After my conquering of Big Daddy, I explored another phenomenon near the front gate of the national park – the Sesrium Canyon.
It’s a small gorge that has been cut away by water streams over the last few thousand years. Taking the trail down to the dormant river bed was a bit of a leap of faith for me, as someone I used to work for died in a canyon somewhat similar to the one in which I was now immersed.
Gordon Chapple was a very smart marketing guy for whom I worked while at Del Monte Foods in the late ’80s and early ’90s. And when he wasn’t trying to figure out how to move more cans of vegetables or fruits, he was out in the deep reaches of wilderness taking pictures with special, old cameras and then using unique printing techniques to give his work that kind of black & white & silver quality that one sees in Ansel Adams’ works.

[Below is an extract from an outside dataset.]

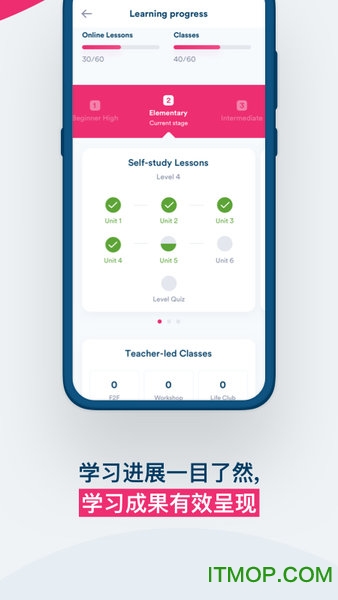 EF英孚英语(smartenglish)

A few years ago, he and his family were in a slot canyon in Utah when a flash flood came roaring through. They were not close enough to to an exit point to escape the instant deluge. It may be blue skies above when one decides to go down into one of these gorges, but a rainstorm over twenty miles away can generate enough water to speed down the slot canyons with no advance notice at all. Gordon and his family were suddenly engulfed in the water. He and his wife drowned, but their two kids survived.
With Gordon’s family’s experience in the back of my mind, I decided to descend into the canyon anyway. After all, Namibia and South Africa are in a very severe drought right now.
The canyon was very hot and dry, but in one end, I discovered some tremendously interesting rock formations, created by the collapsing of the canyon walls.
On my way out of the park, I came across the biggest bird’s nest I’ve ever seen. This nest is built by Sociable Weavers and they can weigh over 2,000 pounds.
These are fascinating birds, who actually have taskmasters in their midst. These supervisors monitor all of the residents and continually observe the building process. If a bird slacks off, the taskmasters get on their case about it. Only two other animals have this trait – the mole rat and humans.
According to the San Diego Zoo, the nests are so big, they play host to other bird species as well:
“The sociable weaver’s nest sees plenty of guests—a regular Kalahari Desert inn! The South African pygmy falcon Polihierax semitorquatus relies completely on the sociable weavers’ nest for its own home, often nesting side by side with the sociable weavers. The pied barbet, familiar chat, red-headed finch, ashy tit, and rosy-faced lovebird often find comfort in the cozy nesting chambers, too. Vultures, owls, and eagles will roost on the nests’ broad roof. Why are weavers willing to share the huge nest they worked so hard to make? More residents mean more eyes keeping a watch for danger. And the weavers often learn from the other birds where new sources of food can be found.”
My day of exploration completed, I headed back to the lodge for a well-deserved cold shower.